TASK DETAILS: Restate the whole of the data below word for word, skipping the images.

Captioned web image data:
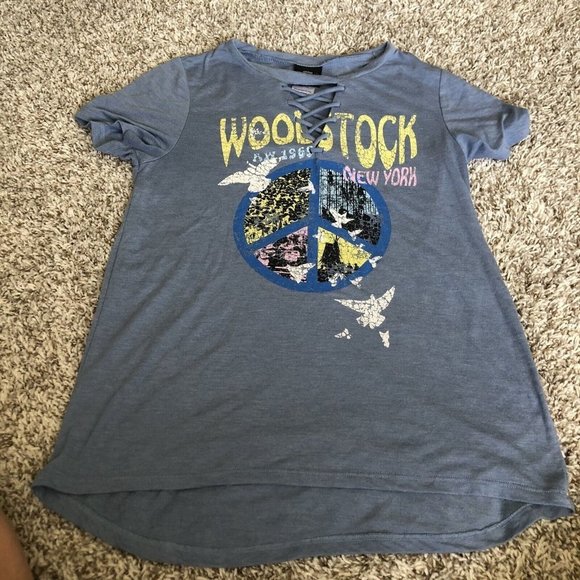 Concert Tees Woodstock Collection Lace Up Womens M Blue T-shirt Graphic Top - Picture 1 of 9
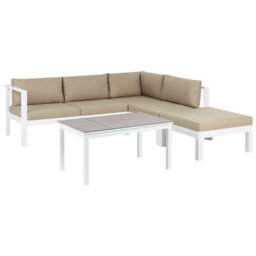 Beliani Garden Corner Sofa With Table 5 Seater Messina Left Hand Metal Sand Beige - thumbnail 4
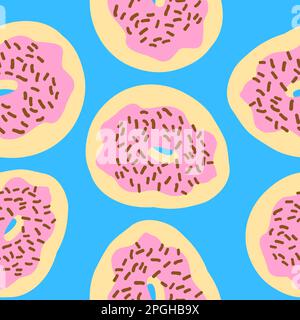 Nahtloses Muster von Donut-Ringen im flachen Cartoon-Stil. Mit Schokoladenstreuseln, rosa Sahne und Weizenbasis. Süße Bäckerei. Farbenfrohe Vektordarstellung Stock Vektor
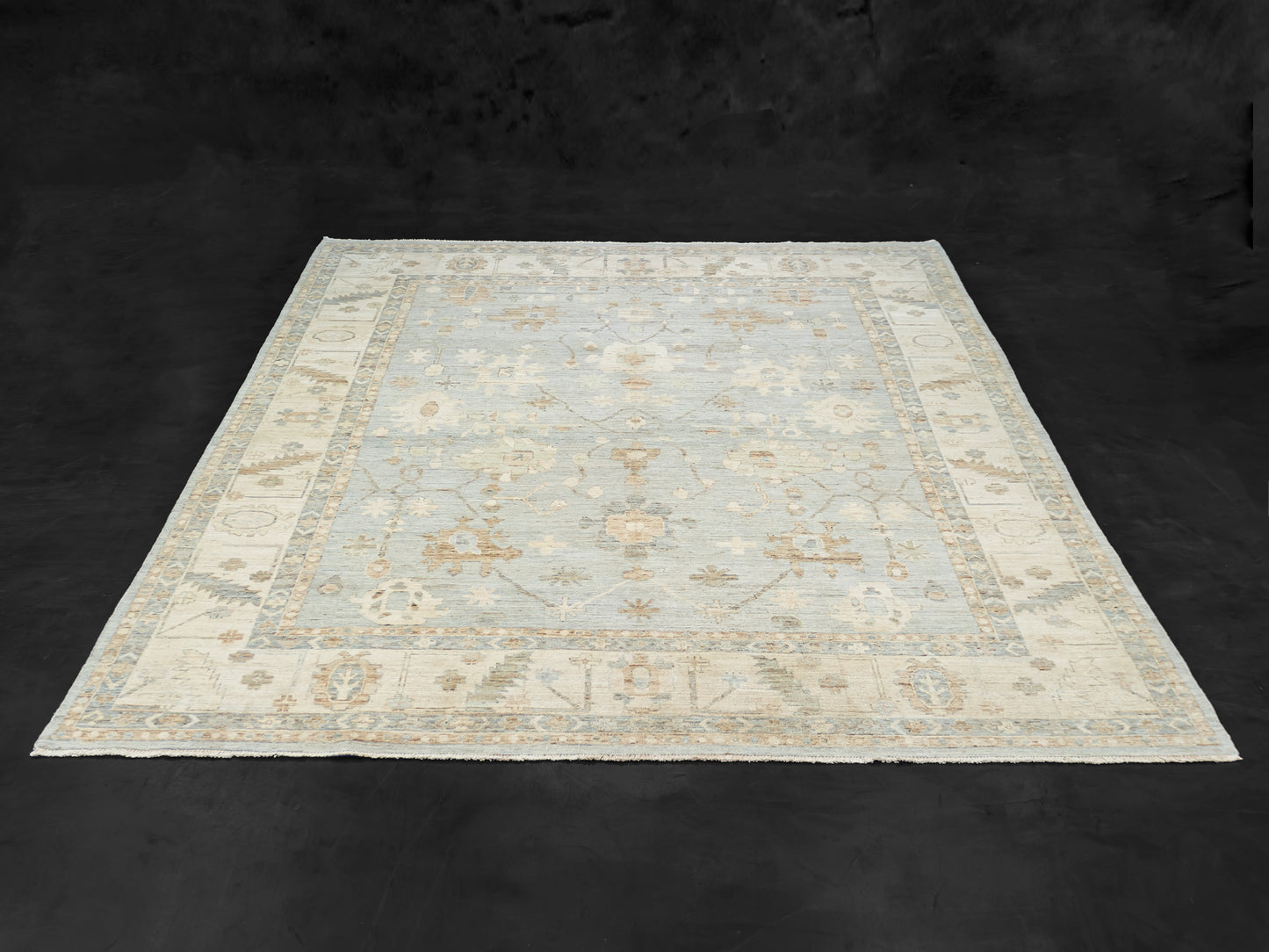 Wool Rug Oushak design design Ivory/Blue product image #29753848889514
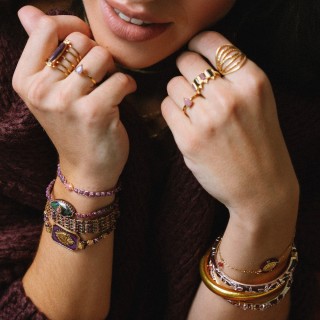 Bracelet Cordon Rose & Pierres Magenta Sibylle | Brin de Cuivre
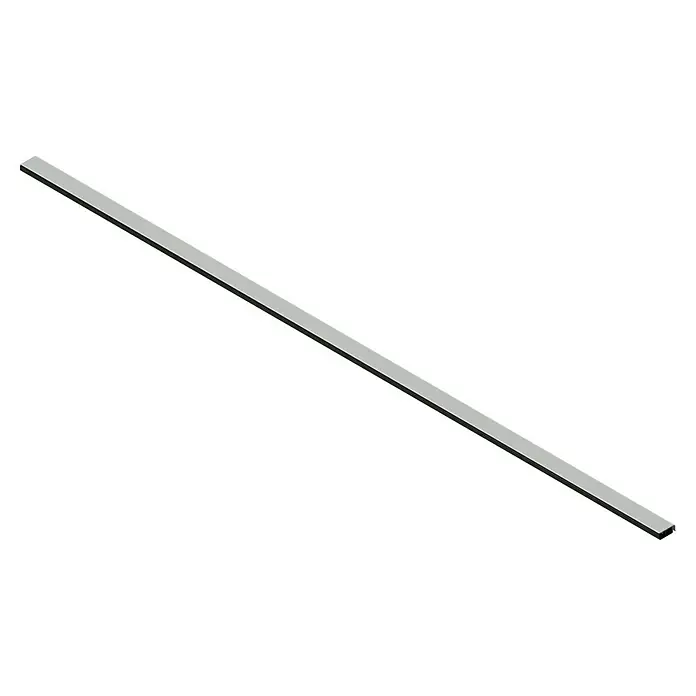 Sockelleistenkanal - 2 m x 50 mm x 20 mm, Reinweiß - Abbildung einer silbernen Vierkantstange, die sich diagonal vor einem schwarzen Hintergrund erstreckt. Vielseitig einsetzbar für Bastel- und Konstruktionsprojekte.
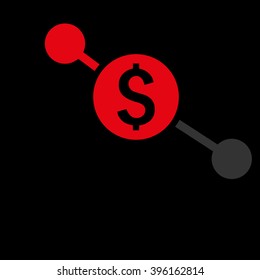 Bank Branches vector icon. Style is flat symbol, red color, black background.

ANSWER TO THE PROBLEM:
 Concert Tees Woodstock Collection Lace Up Womens M Blue T-shirt Graphic Top - Picture 1 of 9
 Beliani Garden Corner Sofa With Table 5 Seater Messina Left Hand Metal Sand Beige - thumbnail 4
 Nahtloses Muster von Donut-Ringen im flachen Cartoon-Stil. Mit Schokoladenstreuseln, rosa Sahne und Weizenbasis. Süße Bäckerei. Farbenfrohe Vektordarstellung Stock Vektor
 Wool Rug Oushak design design Ivory/Blue product image #29753848889514
 Bracelet Cordon Rose & Pierres Magenta Sibylle | Brin de Cuivre
 Sockelleistenkanal - 2 m x 50 mm x 20 mm, Reinweiß - Abbildung einer silbernen Vierkantstange, die sich diagonal vor einem schwarzen Hintergrund erstreckt. Vielseitig einsetzbar für Bastel- und Konstruktionsprojekte.
 Bank Branches vector icon. Style is flat symbol, red color, black background.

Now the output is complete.